Drupal Performance Mantra: Crawl, Boost, Expire
The Boost module is a surprisingly effective static file caching tool to dramatically speed up pretty much any Drupal website. The trick it employs is in that it actually tries to avoid running Drupal as often as possible.
It provides caching on the level of whole web pages. If a particular version of a page happens not to be cached, Drupal will of course be asked to run through its convoluted logic of permissions, menus, database calls, and all that. Heavy pages often take several seconds to complete. Getting under the magic limit of 1 second is a prized UX and SEO art — but that's another story.
Thanks to Boost, even if your page takes several seconds to load, it will do that just once. The next time it will be fired blazing fast as a little compressed HTML file directly by the Apache web server, completely avoiding not just Drupal but any MySQL or PHP processing, easily delivering a page in a matter of milliseconds.

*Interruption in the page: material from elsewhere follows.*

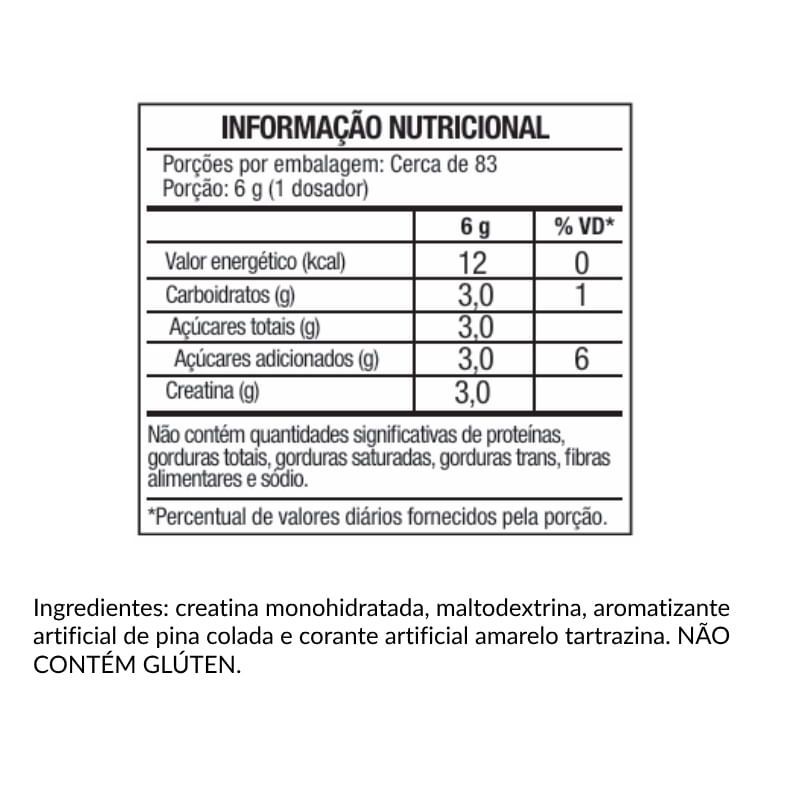 950000226757-creacrazy-mansao-maromba-pina-colada-diabo-verde-500g-tn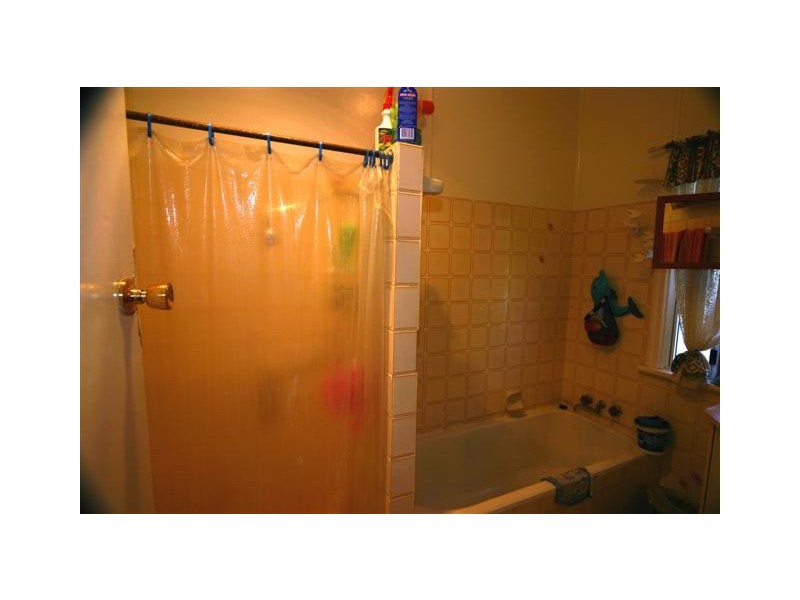 2 Vowles Street, Dalby QLD 4405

There indeed are even more performant caching layers. On dedicated servers, we surely may want to consider Varnish instead. In my experience, however, the various Varnish caching recipes out there are actually much less customizable than Boost, and they lack the sweet sense of completeness provided by Boost and its companion modules described further in this article.
Boost is good at making sure that a page request does not ask Drupal for the page content more than one single time. The problem is that without talking to Drupal it never learns when a page is updated. It will tirelessly continue its rapid delivery of pages — but their content will become stale.
Not forever, of course — Boost has settings for cache expiration time. We can set it to get a fresh version of the pages after a given time period, e.g. after 6 or 12 hours after the initial caching.
However, that is rarely good enough for any larger or busier website. Imagine a site with 300,000 pages that has 3,000 page views every hour, and with 30 page updates every hour. Some of the pages are more popular than others, so let's say that after 6 hours there are some 10,000 pages cached. In the 6 hours, 6 x 30 = 180 pages have been updated. Say 100 of them had been initially cached, meaning Boost is now serving stale content for those pages. Then the configured expiration time starts elapsing for the cached pages and Drupal is again tasked to slowly compute each of them. It happens gradually, since each page is cached at a bit different time and so they do not expire simultaneously either. But in the end, 10,000 pages will be expired and re-computed even though 9,900 of them remained unchanged. What a waste of resources and more, what a waste of time our users have to spend while Drupal re-computes the identical pages!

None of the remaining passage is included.